The first song completed during the initial sessions in late 1993 was the band's debut single "Mark", with what would be the follow-up single, "Dolphin", recorded in early 1994. "Dolphin" was the earliest song written by the band to be included on the album and, when issued as a single in June 1994, it would be the only single release from Change Giver that Banks was not involved in writing. Although the band's third single, "Speakeasy", went on to become their highest-charting release from the album, it was initially composed with the intention for it to be included as a b-side on a future single release. The song was written in-studio towards the end of the album sessions over the course of a day, and recorded the day after. Noting the group's decision to record the track so quickly after it was written, Banks explained that this was done "just to get it down straight away without thinking about whether it was good or not".

==Critical reception==

Change Giver received mixed to positive reviews upon release, with some critics finding it to be a respectable debut album for a young, upcoming band, but that it mainly served as an indication that the group were capable of bettering it in future releases.
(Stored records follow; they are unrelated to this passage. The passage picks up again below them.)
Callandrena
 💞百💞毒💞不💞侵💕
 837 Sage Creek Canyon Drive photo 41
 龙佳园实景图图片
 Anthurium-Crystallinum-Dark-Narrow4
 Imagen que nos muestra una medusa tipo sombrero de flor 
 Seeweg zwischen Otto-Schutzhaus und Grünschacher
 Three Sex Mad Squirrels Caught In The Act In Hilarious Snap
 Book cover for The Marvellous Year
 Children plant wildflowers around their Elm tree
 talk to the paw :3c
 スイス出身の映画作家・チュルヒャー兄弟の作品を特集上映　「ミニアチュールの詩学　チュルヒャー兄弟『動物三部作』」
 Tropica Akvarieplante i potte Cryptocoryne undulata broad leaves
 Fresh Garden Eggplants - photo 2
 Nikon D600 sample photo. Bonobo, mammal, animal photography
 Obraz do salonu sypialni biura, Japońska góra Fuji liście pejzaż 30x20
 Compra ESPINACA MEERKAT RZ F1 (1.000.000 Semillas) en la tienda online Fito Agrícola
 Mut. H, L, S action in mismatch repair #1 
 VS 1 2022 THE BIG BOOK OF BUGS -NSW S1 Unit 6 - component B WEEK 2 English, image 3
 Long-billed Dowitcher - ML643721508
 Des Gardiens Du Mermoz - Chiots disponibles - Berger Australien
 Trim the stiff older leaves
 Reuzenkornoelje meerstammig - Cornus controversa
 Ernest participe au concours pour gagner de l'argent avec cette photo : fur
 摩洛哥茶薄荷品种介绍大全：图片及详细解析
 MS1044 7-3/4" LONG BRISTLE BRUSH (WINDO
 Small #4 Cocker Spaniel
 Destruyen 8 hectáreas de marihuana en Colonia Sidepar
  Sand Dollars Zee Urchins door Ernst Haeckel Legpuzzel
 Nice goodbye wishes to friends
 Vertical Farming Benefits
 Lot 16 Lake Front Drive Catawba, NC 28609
Angela Lewis, writing for The Independent in October 1994, described the group as "roguishly disarming youth popsters" who, despite having "a bravado whiff of ridiculous self assurance that's straight out of Blur's 1992 patent", had something worthwhile to offer with the release of their debut album. She went on to note the band's Britishness, and found similarities with the Smiths in their music: "At the heart of Shed Seven's appeal is their memorable way with a glucose-centred pop tune (many sweat at it but few can actually pull it off) in songs like 'Mark' and 'Dolphin'. Plus, there's the ghost of The Smiths in the Sheddoes chiming chords, putting in a friendly, but not too overwhelming, appearance." Ian Gittins of Melody Maker also noted a similarity with the Smiths, via a "tenuous link" found in the lyrics written by Shed Seven's frontman, Rick Witter, who he thought had "an ear for Morrissey-esque homely homilies". He described the album as "spasmodically exciting and uplifting", but found it to be too orthodox a record overall to be able to "term it a 'classic'". He also drew comparisons with both Radiohead and Oasis, and highlighted "Dirty Soul" and "Long Time Dead" as the album's standout tracks: "Viewed as a chipper, cocky collection of brassy northern pop songs, Change Giver scores a resounding... seven out of 10. 'Dirty Soul', the opener, is the kind of choppy, fuzzy rollercoaster ride Shed Seven are good at and 'Long Time Dead' is a supremely catchy angst fest à la 'Creep'".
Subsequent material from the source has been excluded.